EXERCISE DESCRIPTION:
The lines below, from the one holding "Babies Love Easter" through the one holding "Hamil, Netizen Berikan", are to be restated word for word, with all images left out.

EXTRACTED RECORDS:
----

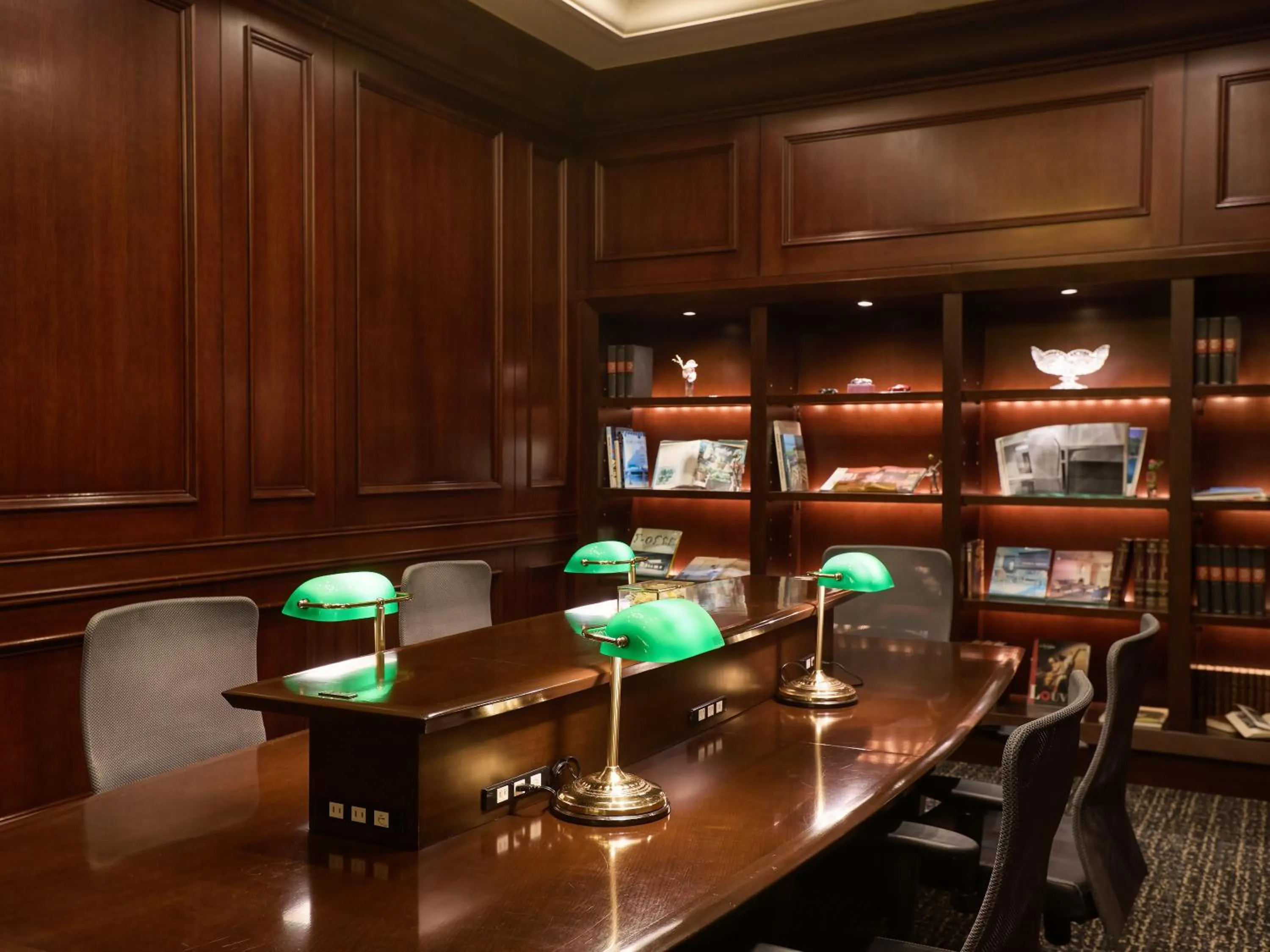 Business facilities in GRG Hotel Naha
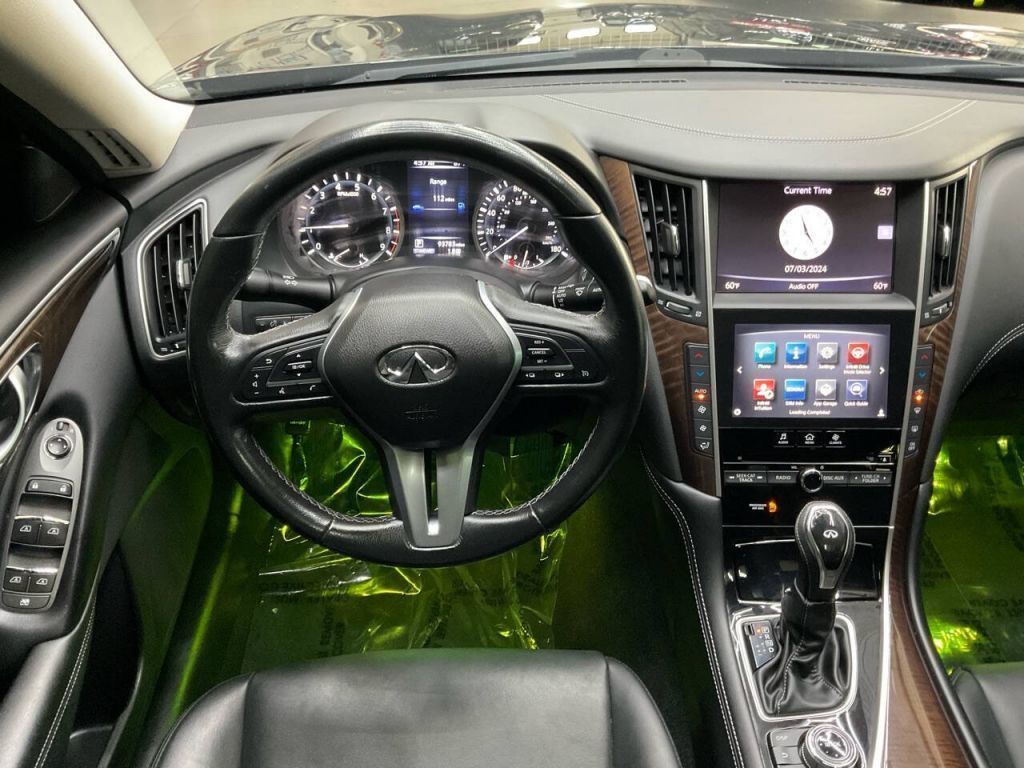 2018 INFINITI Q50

----

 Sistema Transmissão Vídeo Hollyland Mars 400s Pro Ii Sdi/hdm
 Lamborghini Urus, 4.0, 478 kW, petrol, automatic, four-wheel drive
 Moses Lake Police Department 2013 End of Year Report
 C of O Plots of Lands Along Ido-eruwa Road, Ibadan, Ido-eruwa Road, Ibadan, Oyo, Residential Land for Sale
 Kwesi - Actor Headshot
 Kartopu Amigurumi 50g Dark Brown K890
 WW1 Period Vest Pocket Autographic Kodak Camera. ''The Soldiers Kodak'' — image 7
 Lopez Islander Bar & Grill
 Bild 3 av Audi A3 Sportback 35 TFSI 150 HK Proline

----

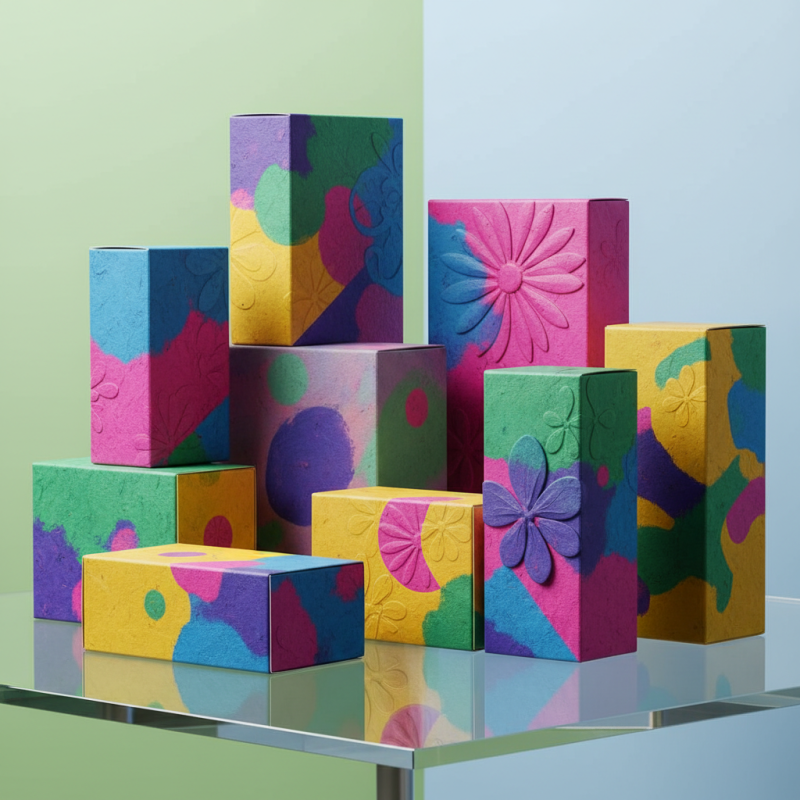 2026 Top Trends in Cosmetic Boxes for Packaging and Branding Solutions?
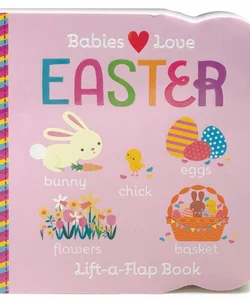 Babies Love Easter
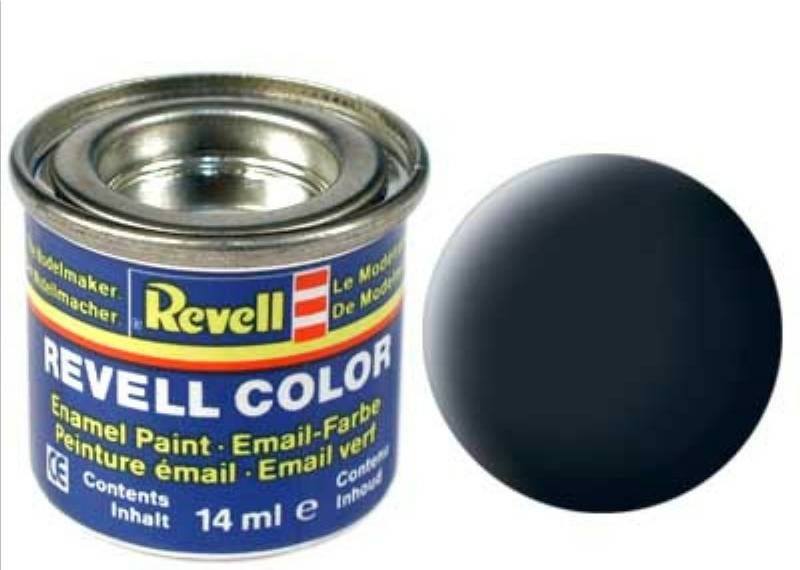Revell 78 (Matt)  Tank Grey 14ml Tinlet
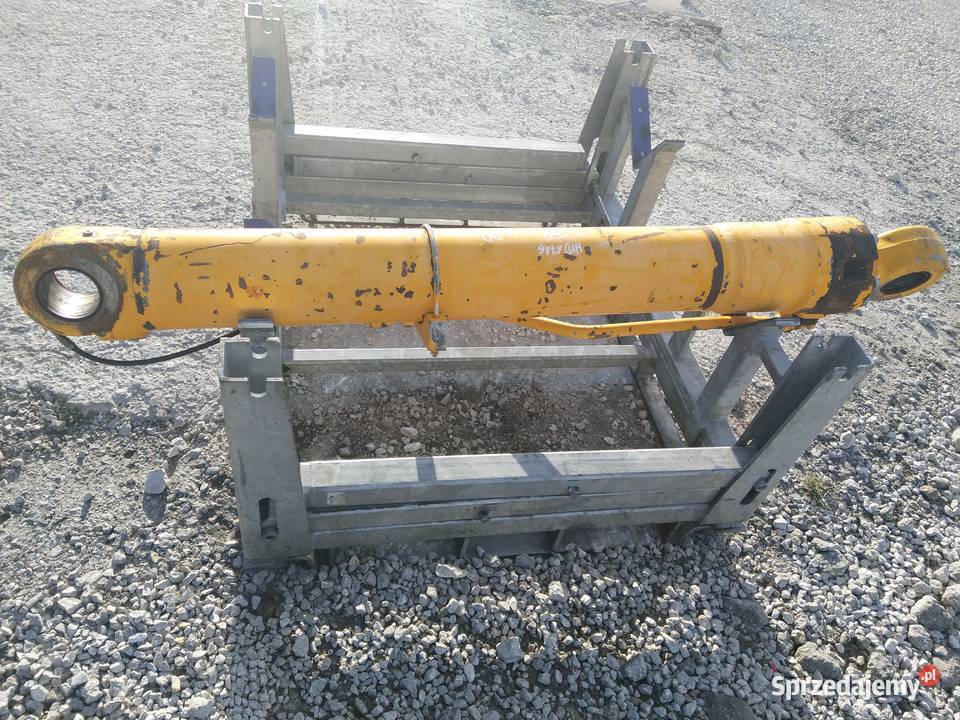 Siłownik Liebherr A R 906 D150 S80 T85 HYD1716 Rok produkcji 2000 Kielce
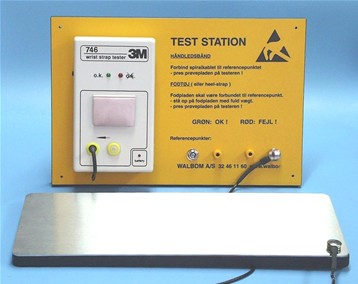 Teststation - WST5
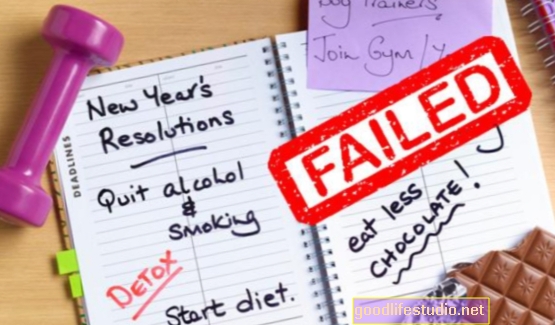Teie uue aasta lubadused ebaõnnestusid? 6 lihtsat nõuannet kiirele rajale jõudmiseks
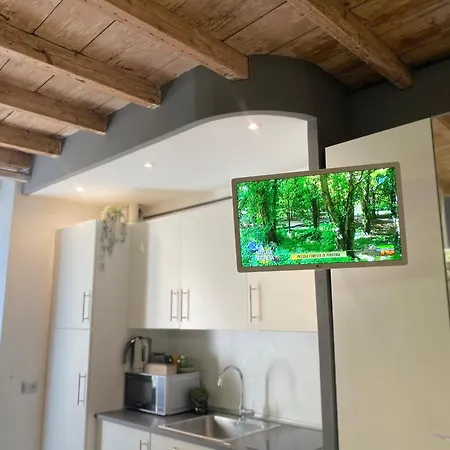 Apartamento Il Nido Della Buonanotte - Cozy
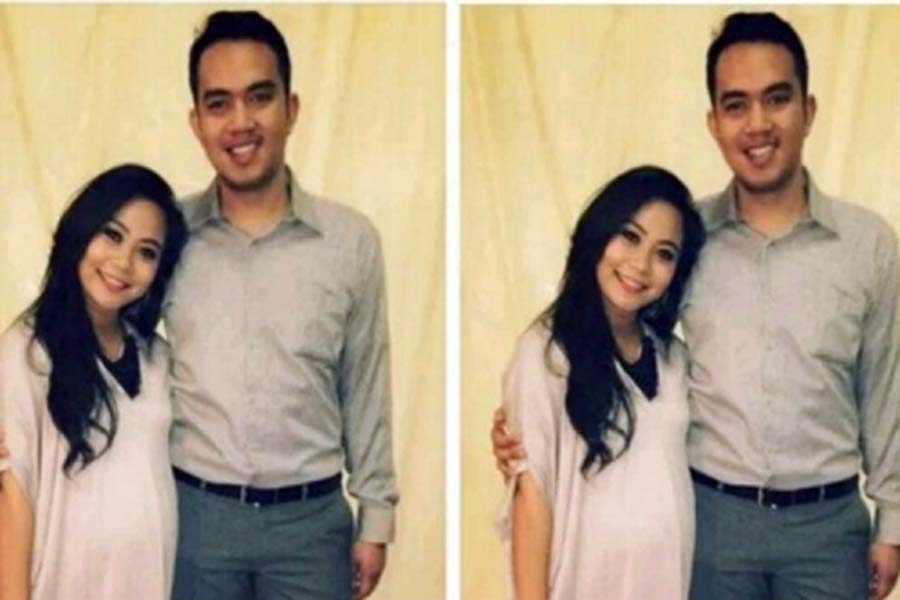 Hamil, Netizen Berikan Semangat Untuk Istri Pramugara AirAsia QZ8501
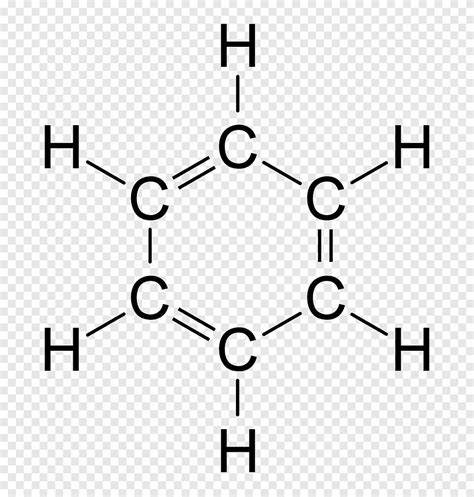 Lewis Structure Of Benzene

----

RESPONSE AREA:
 Babies Love Easter
Revell 78 (Matt)  Tank Grey 14ml Tinlet
 Siłownik Liebherr A R 906 D150 S80 T85 HYD1716 Rok produkcji 2000 Kielce
 Teststation - WST5
Teie uue aasta lubadused ebaõnnestusid? 6 lihtsat nõuannet kiirele rajale jõudmiseks
 Apartamento Il Nido Della Buonanotte - Cozy
 Hamil, Netizen Berikan Semangat Untuk Istri Pramugara AirAsia QZ8501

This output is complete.